The U.S. team flopped once again at the 16-team Classic, failing to get out of the second round, yet from the players to the manager, they said they treasured the experience.
"Is it a disappointment? Yes it is," said two-time All-Star second baseman Brandon Phillips of the Cincinnati Reds after Friday's 4-3 loss to Puerto Rico eliminated the United States. "Everybody dreamed of being the winner. We want to be on top. And for us not to get there, it sucks a little bit."
It was the second time the U.S. was ousted in the double-elimination phase in three tries at the Classic. In 2009, they reached the final round but were beaten in the semi-finals.
"I feel like we did good, even though we lost," Phillips said. "It's still a disappointment, but it was one of the greatest things that ever happened to me."
This year's semi-finals start with Japan, gunning for their third Classic title in a row, playing Puerto Rico on Sunday. The undefeated Dominican Republic (6-0) play the Netherlands in Monday's semi-final with the title game on Tuesday.
Wins and losses aside, what stirred the Americans was the energy, excitement and passion exhibited on the diamond by proud players wearing their country's name across their chests and the life in the stands full of horns, whistles and drums.
Manager Joe Torre, who steered the New York Yankees to four World Series crowns and took off his Major League Baseball executive's suit to put on a uniform and get back in the dugout, said there were no regrets.
"The only thing I can say is this has been one of the most memorable experiences of my career," Torre said. "I'm a little emotional, but this has been much more than I expected.
"I mean, I knew it was going to be fun, but I never realized how the feeling of commitment from every one of these guys made this a great experience for me."
With All-Stars and award winners at virtually every position, from former most valuable players including Ryan Braun, Jimmy Rollins and Joe Mauer to Cy Young winning knuckleballer R.A. Dickey, the United States was seen as the deepest team in the field, although major leaguers were common on many of the teams.
But with the tournament held during spring training prior to the regular season, players were not all at peak form and by the nature of a sport in which the worst pro clubs still win about 40 percent of their games, the margin between teams is slim.
"It's just what happens in short series," said Torre. "It's not easy to do.

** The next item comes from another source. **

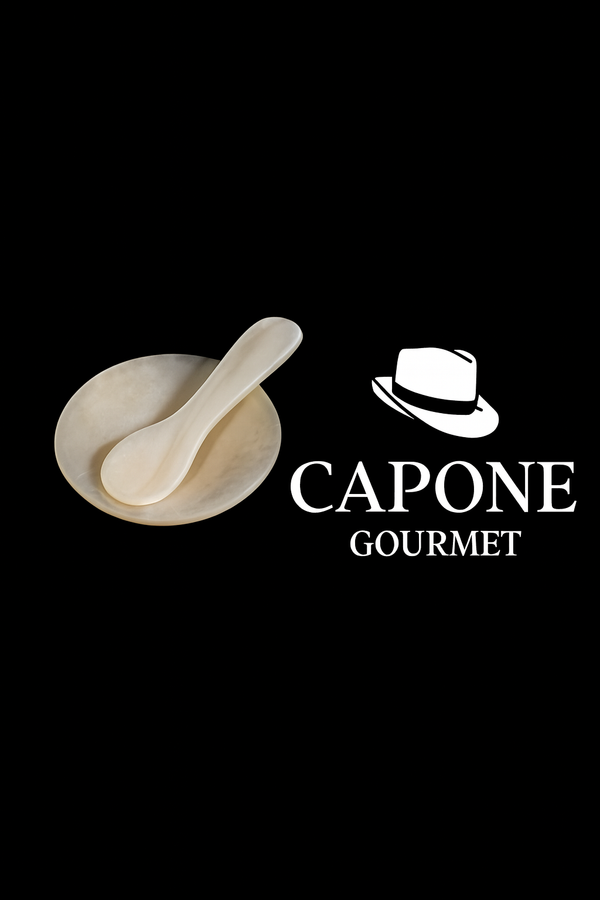 Cuillère & Assiette en Nacre – Accessoires Caviar | Capone Gourmet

And that's the one thing that I've always talked to my players about.
"You want to make people happy and you want to have people respect you, but to me it's more important to respect each other because you're the only ones that know how tough it is to do what you do, and it's not easy to accept defeat.
"On the other side of the coin, it's basically you have to respect the guy that beats you across the way."
Braun said he and his team mates had expected to still be playing.
"I think certainly for all of us, the expectation was to get to San Francisco and ultimately to win in San Francisco," he said. "But at the same time, we recognized the challenge that we were facing.
"For me this is the second time I had the opportunity to play in the WBC. Both of them were two of the top experiences I ever had as a baseball player.
"I would think anybody that watched the games could see the passion, the energy. Just the atmosphere, environment for all these games is really special. I think it far surpasses anything we experience in the regular season at any point."
The United States, hurt by a lack of hitting, probably fell into the trap of trying too hard, the Milwaukee Brewers outfielder said.
"There's no excuses, there's not necessarily rhyme or reason for it. I think when you're not swinging the bats well collectively, everybody tries a little bit harder to pick each other up, it's human nature."